- Henry L. Benning,
Georgia politician and future Confederate general, writing in the
summer of 1849 to his fellow Georgian, Howell Cobb: "First then, it is
apparent, horribly apparent, that the slavery question rides insolently
over every other everywhere---in fact that is the only question which
in the least affects the results of the elections." [Allan Nevins, The Fruits of Manifest Destiny
pages 240-241.] Later in the same letter Benning says, "I think then,
1st, that the only safety of the South from abolition universal is to
be found in an early dissolution of the Union." The entire letter
can be found on this website, here.
- Stephan
Dodson Ramseur,
future Confederate general, writing from West Point (where he was a
cadet) to a friend in the wake of the 1856 election: "...Slavery, the
very source of our existence, the greatest blessing both for Master
& Slave that could have been bestowed upon us." The full
letter is on this website, here.
- Albert Gallatin
Brown,
U.S. Senator from Mississippi, speaking with regard to the several
filibuster expeditions to Central America: "I want Cuba . . . I want
Tamaulipas, Potosi, and one or two other Mexican States; and I want
them all for the same reason -- for the planting and spreading of
slavery." [Battle Cry of Freedom,
p. 106.]
- Brown,
again, December 27, 1860: "Mr.
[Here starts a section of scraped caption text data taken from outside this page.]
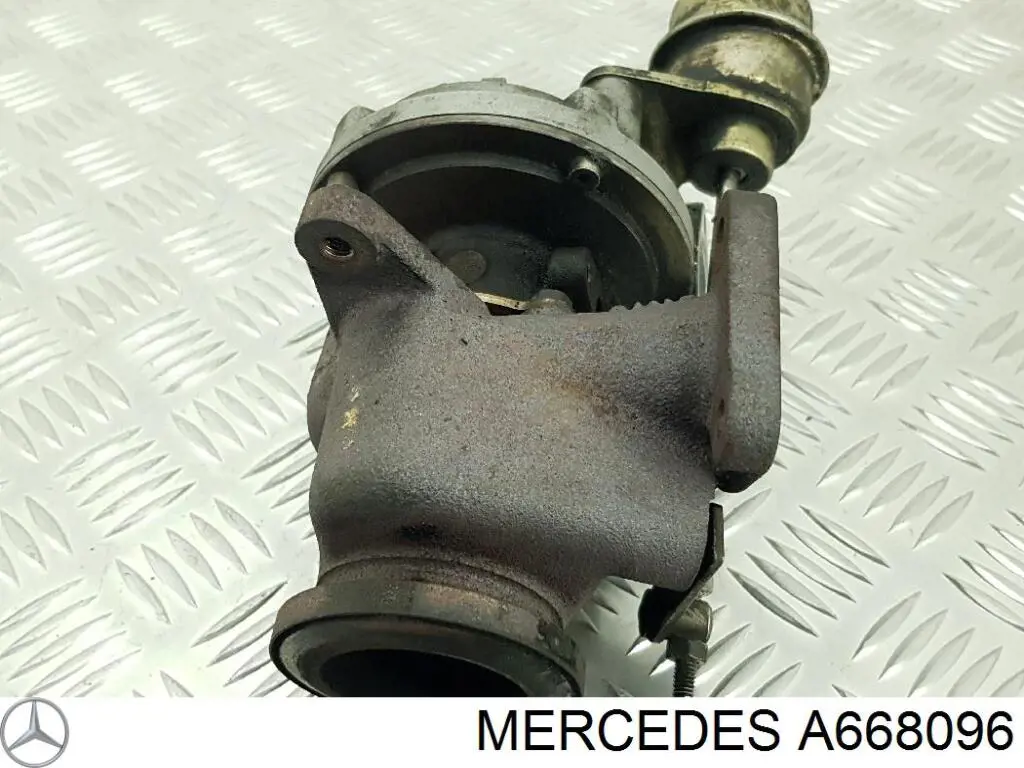  A668096 Mercedes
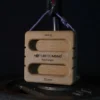 Nature Climbing Raw Hanger - Wood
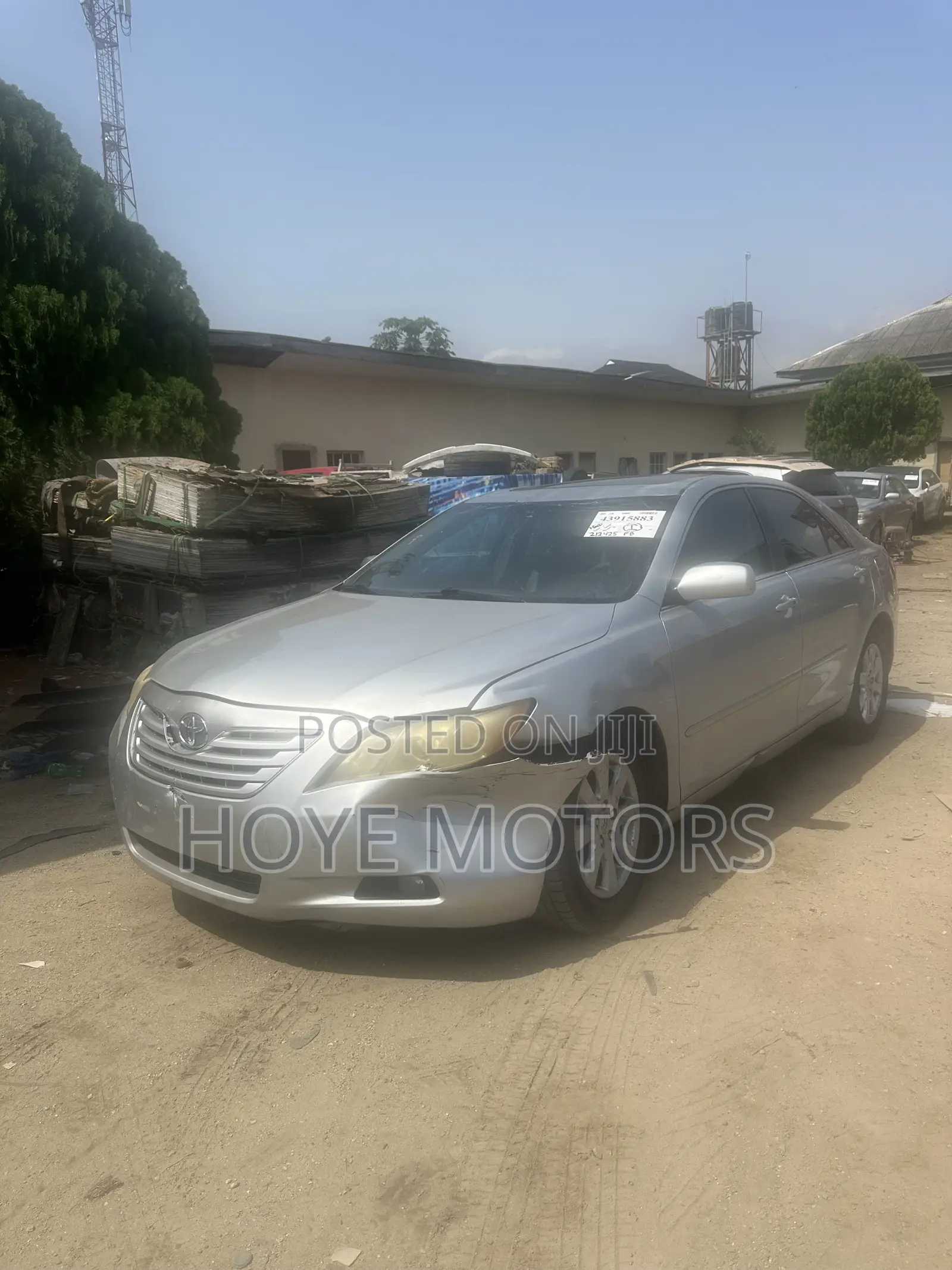 Toyota Camry XLE V6 4dr Sedan (3.5L 6cyl 6AM) 2007 Silver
President, it seems to me that northern
Senators most pertinaciously overlook the main point at issue between
the two sections of our Confederacy. We claim that there is property in
slaves, and they deny it. Until we shall settle, upon some basis, that
point of controversy, it is idle to talk of going any further." [Quote taken from The Congressional Globe,
36th Cong., 2nd Sess., p. 201.]
- Richard Thompson
Archer
(Mississippi planter): "The South is invaded. It is time
for all patriots to be united, to be under military organization, to be
advancing to the conflict determined to live or die in defence of the
God given right to own the African"---letter to the Vicksburg Sun,
Dec.
8, 1859.
- Representative
Benjamin Stanton,
Republican of Ohio, January 15, 1861: "Mr. Chairman, I desire to state,
in a few words, what I regard as the real question in controversy
between the political parties of the country. The Republican party
holds that African slavery is a local institution, created and
sustained by State laws and usages that cannot exist beyond the limits
of the State, by virtue of whose laws it is established and sustained.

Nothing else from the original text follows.